Another important issue is horizontal high-risk distribution. The starting point should be that the classification of an AI systems as high-risk work in a way where they affect people to be in the scope for high-risk requirements. Furthermore, a risk-based approach should be adopted, as in the GDPR.
Legislators need to review the section on high-risk applications in Chapter 2 of the AI Act to ensure that obligations are technically feasible, output-oriented, (define obligations less prescriptively), and to ensure proportionality, (for example, reduce overly detailed information requirements that do not add value for AI users).
When it comes to innovation, Article 54.1 sets out the important option to process lawfully collected personal data within a sandbox for other purposes. This could be a key public benefit in areas such as health, environment, climate change, energy, cybersecurity, and the efficiency of public services. However, access to regulatory sandboxes is limited. Not least in terms of authorities’ ability to handle sandboxes when it comes to competence and capacity. Most likely, there is a need to readjust priorities, focus on access for all businesses to a much larger extent, and simplify the use of sandboxes as far as possible. To pave the way for trustworthy AI, legislators need to face the market reality that it is often large businesses that can invest in AI development and push innovation forward.
Council Articles 2.6 and 2.7 are crucial for innovation. To maintain European competitiveness, it is critical to keep EU innovation in AI attractive. These exemptions should help, while also alleviating pressure on ensuring that sandboxes are the only route for innovation in the field of high-risk AI. There should be greater awareness that access to sandboxes is extremely limited.
Throughout the AI Act, there are provisions that will create bottlenecks due to demands on non-existing expertise and lack of competencies and experience in entities and authorities. Third party assessments and regulatory sandboxes are examples.
The overall concern persists. Which businesses will be able to comply and use AI? Everything in the act that does not directly contribute to building trustworthy AI needs to be removed if the EU’s intention to strengthen AI use is to succeed.

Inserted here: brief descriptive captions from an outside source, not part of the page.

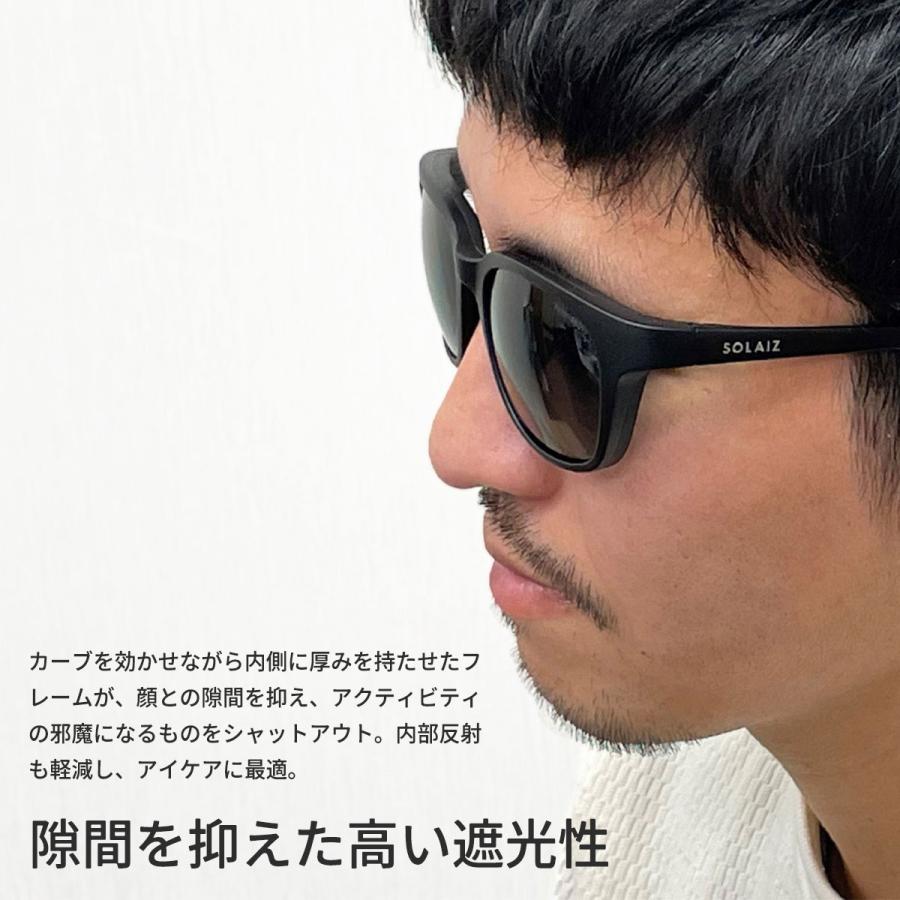 SOLAIZ EIGHT HAKU マットブラック スポーツサングラス 楽天市場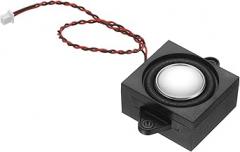 PATIKIL 3 Watt 4 Ohm Mini Speaker, 1PCS Full-Range Mobile Portable Advertising Machine Micro Loudspeaker Connector for Small Electronic Projects, Black Silver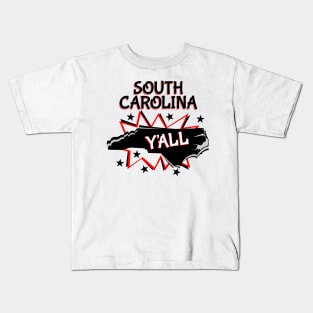 South Carolina State Pride Y'all Kids T-Shirt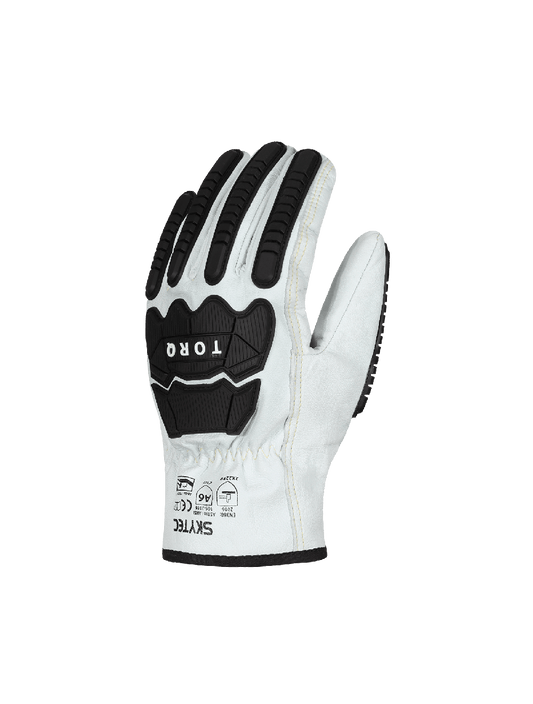Torq SKG00099A Cut and Impact Resistant Gloves - tan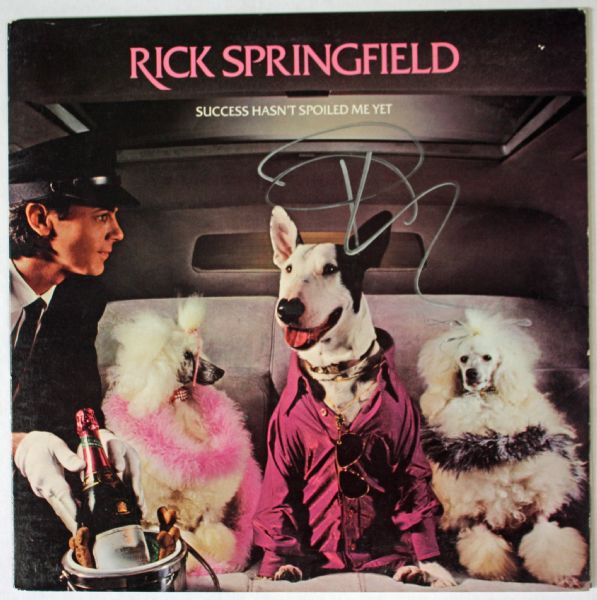 Rick Springfield Signed "Success Hasnt Spoiled Me Yet" LP (PSA/JSA Guaranteed)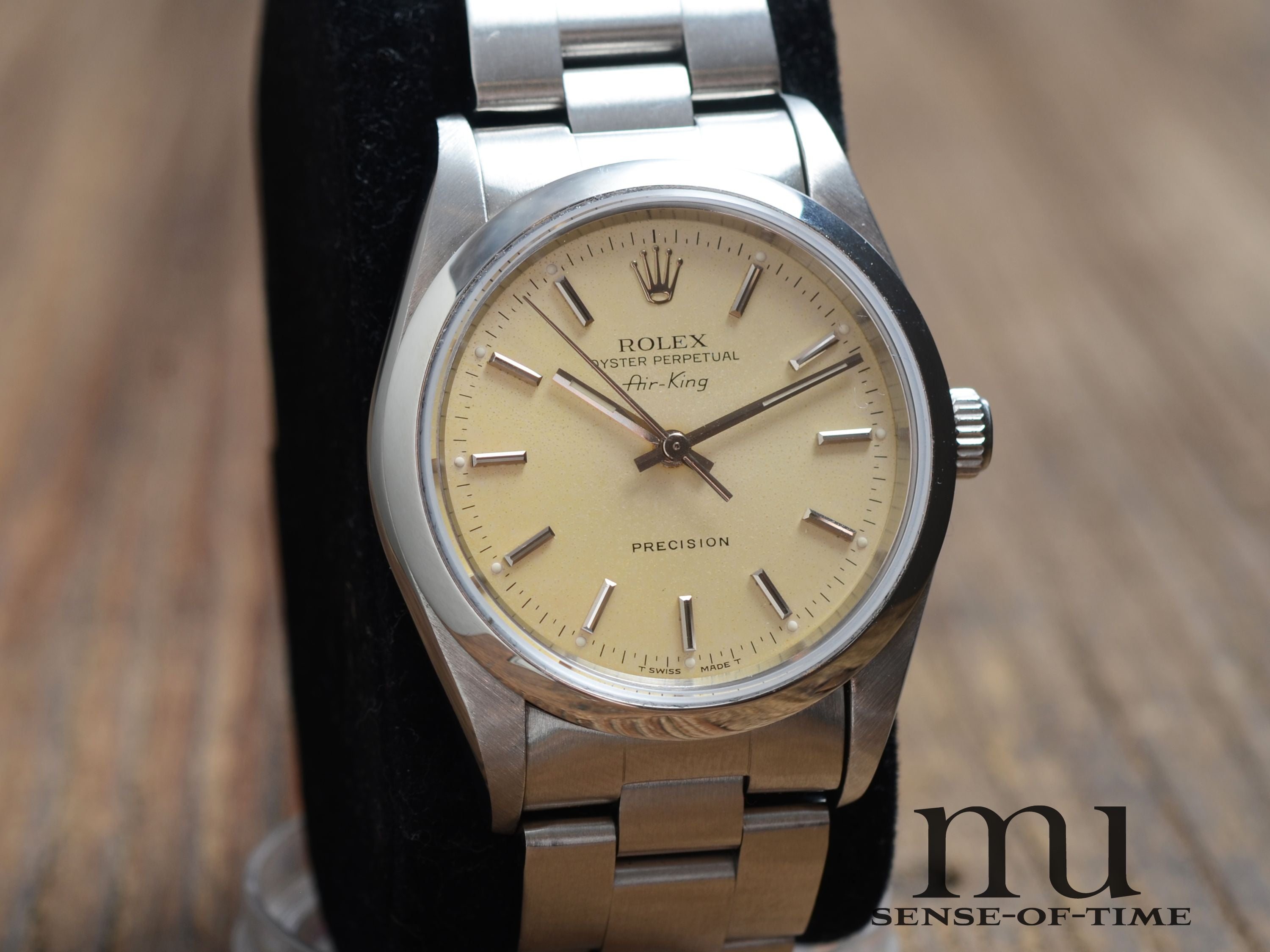Rolex Air King Vintage, gelbes Patina-Dial, Lemonking, Ref.: 14000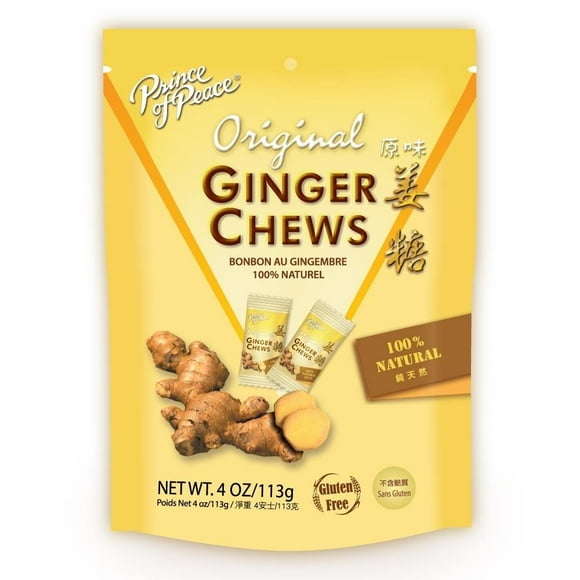 Prince Of Peace Ginger Candy Chews Original Flavored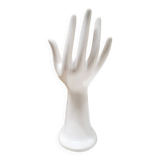 White soliflore hand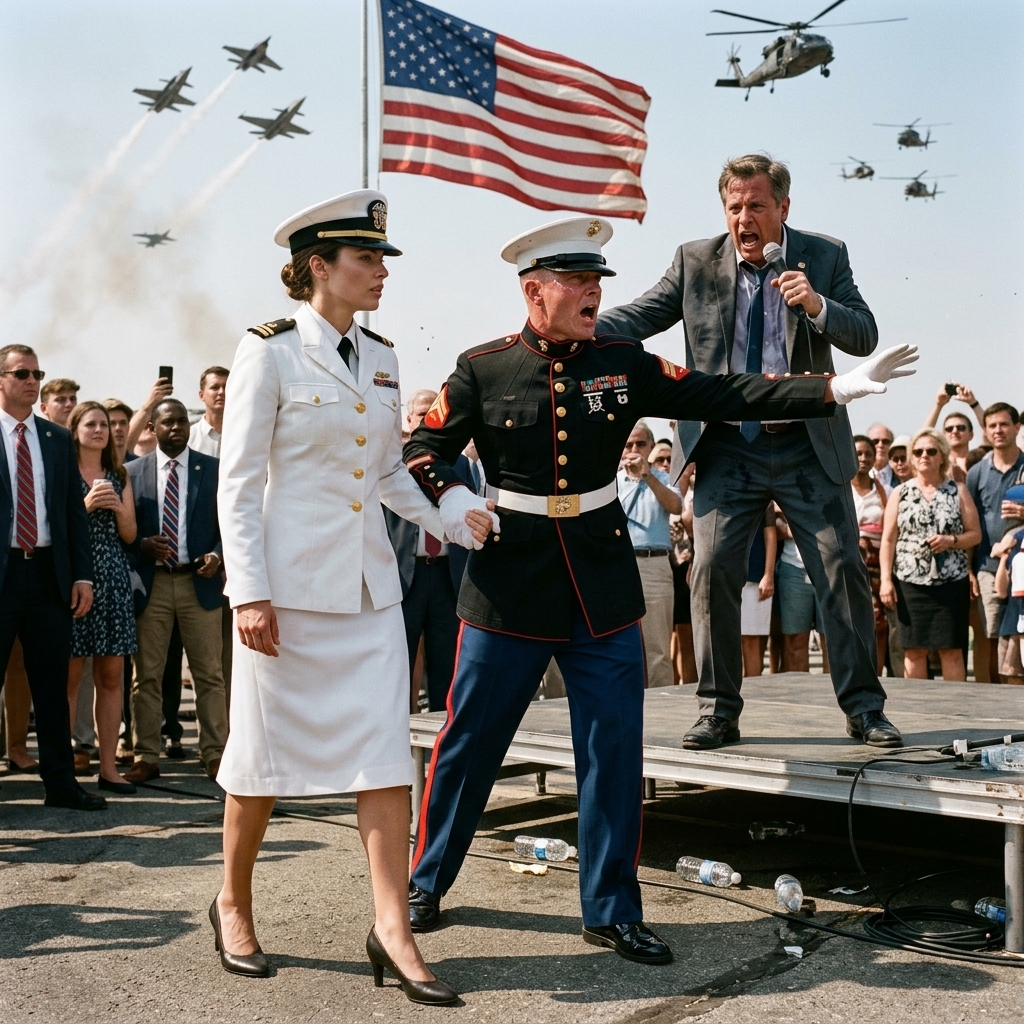 WHOLE STORY: The SMIRK her brother WORE for forty years is about to CRUMBLE with a single SALUTE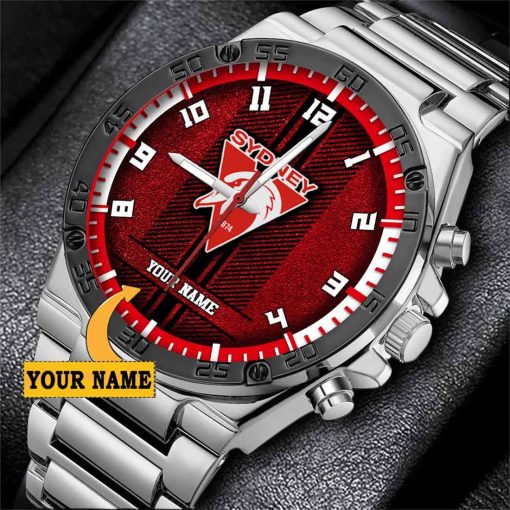 AFL Sydney Swans Custom Name Special Edition SteelStorm Watch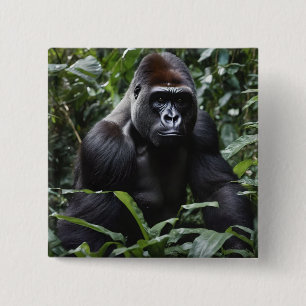 The Midnight Gorilla King:森の(昆虫)オオカバマダラ、モナーク 缶バッジ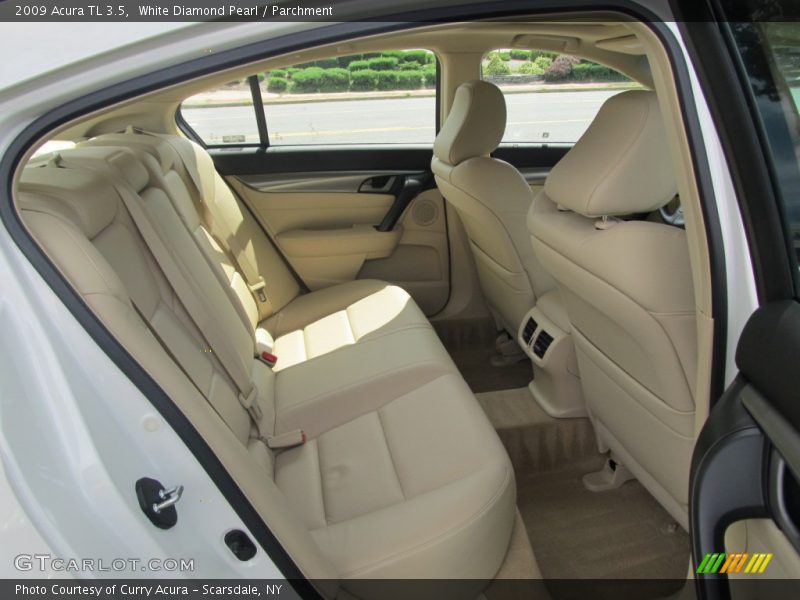 White Diamond Pearl / Parchment 2009 Acura TL 3.5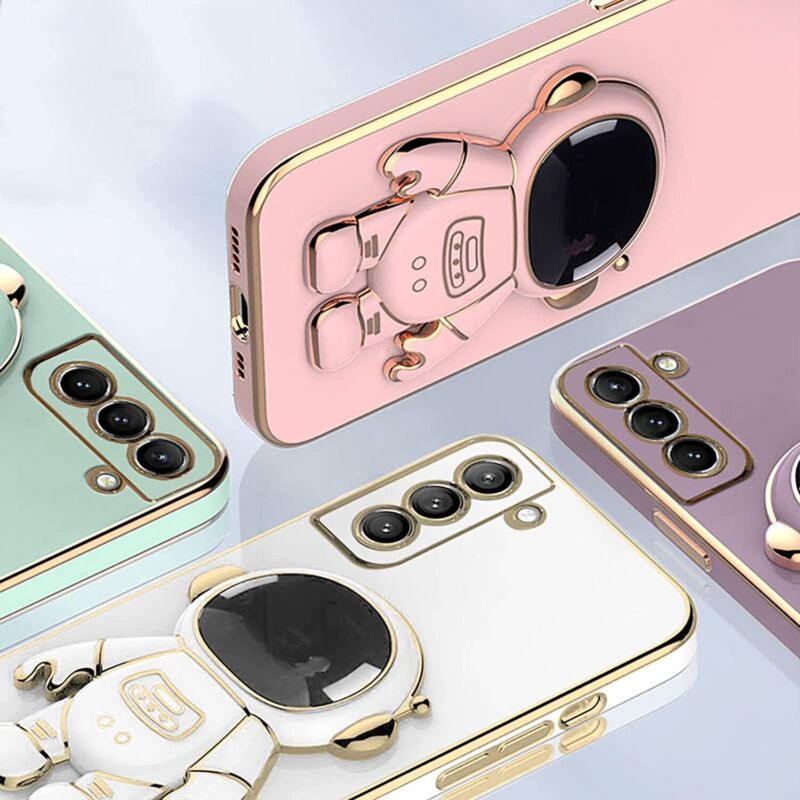 Astronaut Stand Shockproof Case Samsung S23 - carolay.co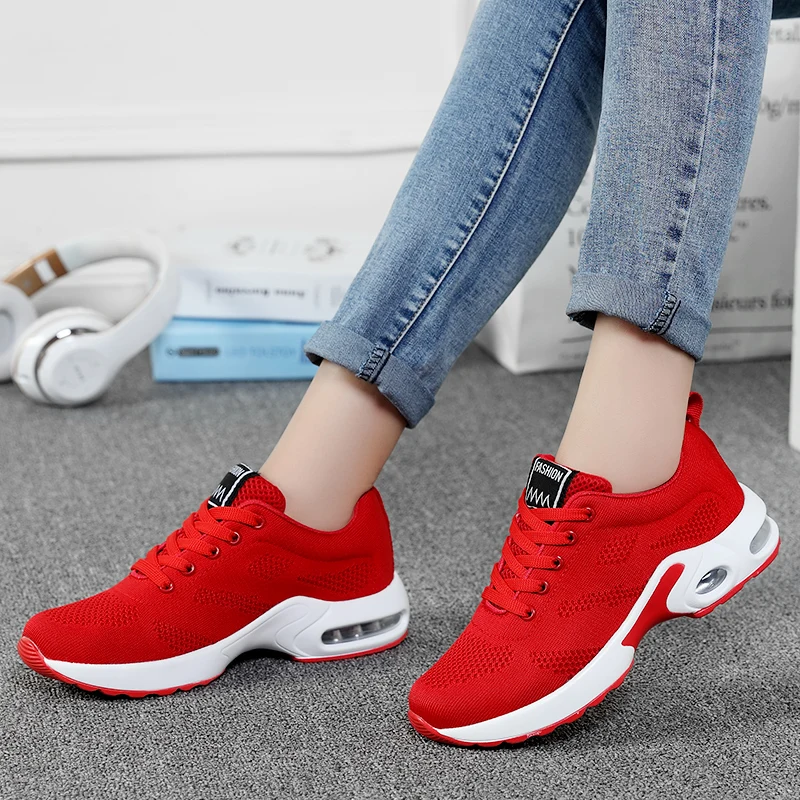 

Women Air Cushion Hiking Shoes Stylish Thick Sole Swing Shoes Woman Breathable Climbing Snerkers Ladies Big Size Camping Boots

“The Commission proposes today new rules and actions aiming to turn Europe into the global hub for trustworthy Artificial Intelligence (AI). The combination of the first-ever legal framework on AI and a new Coordinated Plan with Member States will guarantee the safety and fundamental rights of people and businesses, while strengthening AI uptake, investment, and innovation across the EU.” The EU Commission, 21 April 2021.